The market leader in this effort is the company Strategy. Here is the November 9thWall Street Journal story about the performance of these indirect crypto investments so far this year: The Year’s Hottest Crypto Trade Is Crumbling.
It describes hownthe recent market selloff in bitcoin and other digital tokens has hit these crypto-treasury company stocks . It provides multiple examples of price declines of over 30% in one month. It documents how ”the hottest crypto trade has turned cold” gives multiple examples of wealthy individual investors and companies who have lost money.
These October events have caused some to reiterate their skepticism of crypto as a store of value. With no performance or use, it is pure market speculation. While true believers say this is a “buying opportunity” asserting “bitcoin is on sale.”

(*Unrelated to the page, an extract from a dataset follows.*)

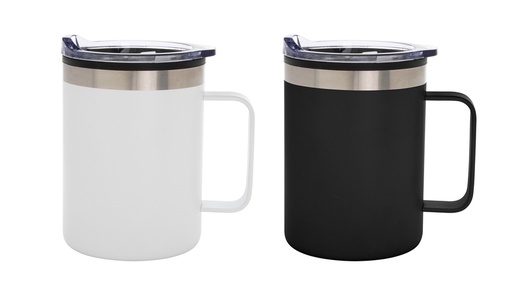 [CDO/T732] T732 MUG "DIANA"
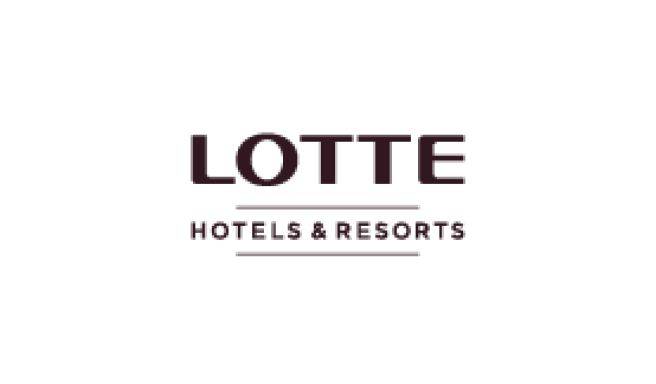 Lotte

The Wisdom of Crowds or the Greater Fool Theory of Speculators?
The Trump administration is certainly crypto-friendly. There are numerous efforts to bring crypto into the financial mainstream as a “routine” financial investment.

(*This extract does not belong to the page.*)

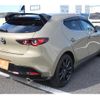 mazda mazda3 2024 CFJ1858528 image 19
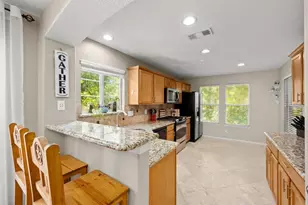 109 Avonlea, The Woodlands, TX 77382 - Photo 8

But should credit unions be facilitating diect or indirect transactions at this very uncertain point in the future of alternative currencies? The fees can be attractive when members both buy and sell. The credit union would seem to have little to no risk exposure in the traditional understanding of that term. The payment is in cash and a third party offers and holds the asset.
But is it wise for the members whom the movement was formed to serve? Credit unions present themselves as expert in many areas of a member’s financial life. They offer through third parties, or CUSO’s, insurance products, mutual funds and stocks, and financial advice, planning and consultation.
Crypto as a financial assetand has a vary different character than other currency assets. The coins are offered via third parties (not governments-yet). Some stable-asset coins are in theory backed by government issued currency or bonds. But the oversight of this structure is unclear.
Yes, members can go elsewhere to purchase crypto assets directly or via EFT’s or “treasury company’s” stocks.
But I know of no one recommending that a large part of a person’s savings be put in crypto. The future value is a gamble. All of he experience so far is at best erratic and uncertain, exuberance followed by quick periods of decline. Crypto based options appears to be speculation, not an asset of proven value.
The Efficacy of NO
Sometimes the best response a credit union can give a member request is No. We don’t believe the member’s request for a loan for a specific car, or selling lottery tickets or crypto is a wise decision for our member(s).
Oftentimes we recall persons in institutions that said No to us. Especially when we wanted something strongly. Even though it is hard to understand the No, later we realize it was a decision made for mutual interest-yours and the institution’s reputation. I believe in time, we remember and respect these moments of wiser concern than what we can grasp, at the time, on our own.
The Wisdom No
The market is saying something important in both of these recent examples. Are we willing to examine other’s judgments, not just take our own counsel?
For our purpose is to be wise stewards of our members’ financial well being through example and deed. And not simply join a herd heading to who knows where in the future.